Armadillo Introduction

The SemanticWeb (SW) needs semantically-based document annotation to both enable better document retrieval and empower semantically-aware agents. Most of the current technology is based on human centered annotation, very often completely manual.

The large majority of SW annotation tools address the problem of single document annotation. Systems like COHSE [1], Ontomat [2] and MnM [3], all require presenting a document to a user in order to produce annotation either in a manual or a (semi-)automatic way.

Annotations can span from annotating portions of documents with concept labels, to identifying instances or concept mentions, to connect sparse information (e.g. a telephone number and its owner. The process involves an important and knowledge intensive role for the human user. Annotation is meant mainly to be statically associated to the documents.

Static annotation can: (1) be incomplete or incorrect when the creator is not skilled enough; (2) become obsolete, i.e. not be aligned with page updates; (3) be devious, e.g. for spamming or dishonest purposes; professional spammers could use manual annotation very effectively for their own purposes.

For these reasons, we believe that the Semantic Web needs automatic methods for (nearly) completely automatic page annotation. In this way, the initial annotation associated to a document will lose its importance because at any time it will be possible to automatically reannotate the document.

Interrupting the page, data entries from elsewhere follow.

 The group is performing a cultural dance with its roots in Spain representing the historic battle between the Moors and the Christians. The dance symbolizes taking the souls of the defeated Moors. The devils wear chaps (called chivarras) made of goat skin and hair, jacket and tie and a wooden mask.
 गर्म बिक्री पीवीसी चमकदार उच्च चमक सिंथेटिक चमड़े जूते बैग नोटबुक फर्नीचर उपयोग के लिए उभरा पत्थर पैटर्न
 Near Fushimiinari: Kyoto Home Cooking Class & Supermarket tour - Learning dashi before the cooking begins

Systems like SemTag [4] are a first step in that direction. SemTag addresses the problem of annotating large document repositories (e.g. the Web) for retrieval purposes, using very large ontologies. Its task is annotating portion of documents with instance labels.

The system can be seen as an extension of a search engine. The process is entirely automatic and the methodology is largely ontology/application independent.
The kind of annotation produced is quite shallow when compared to the classic one introduced for the SW: for example there is no attempt to discover relations among entities.

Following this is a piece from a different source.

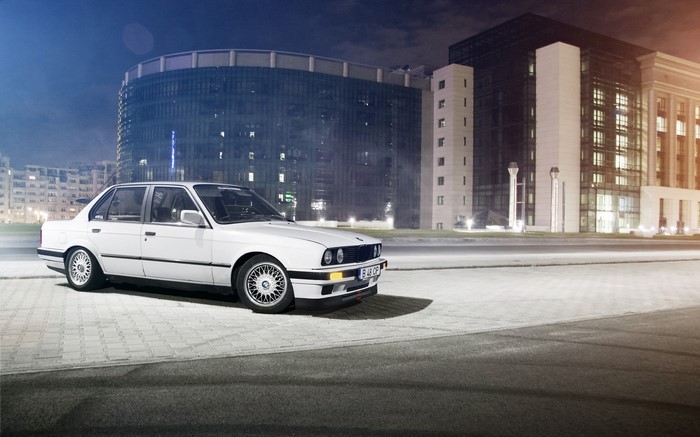 White BMW E30 sedan parked at night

AeroDaml [5] is an information extraction system aimed at generating draft annotation to be refined by a user in a similar way to nowadays’ automated translation services. The kind of annotation produced is more sophisticated than SemTag’s (e.g. it is also able to recognize relations among concepts), but, in order to cover new domains, it requires the development of application/domain specific linguistic knowledge bases (an IE expert is required).

The harvester of the AKT triple store1 is able to build large knowledge
bases of facts for a specific application. Here the aim is both large scale and deep ontology-based annotation. The process requires writing a large number of wrappers for information sources using Dome, a visual language which focuses on manipulation of tree-structured data [6].

Porting requires a great deal of manual programming. Extraction is limited to highly regular and structured pages selected by the designer. Maintenance is complex because - as well known in the wrapper community - when pages changes their format, it is necessary to re-program the wrapper [7]. The approach is not applicable to irregular pages or free text documents. The manual approach makes using very large ontologies (like in SemTag) very difficult.

We propose a methodology for document annotation that was inspired by the latter methodology, but (1) it does not require human intervention for programming wrappers (2) it is not limited to highly regular documents and (3) it is largely unsupervised.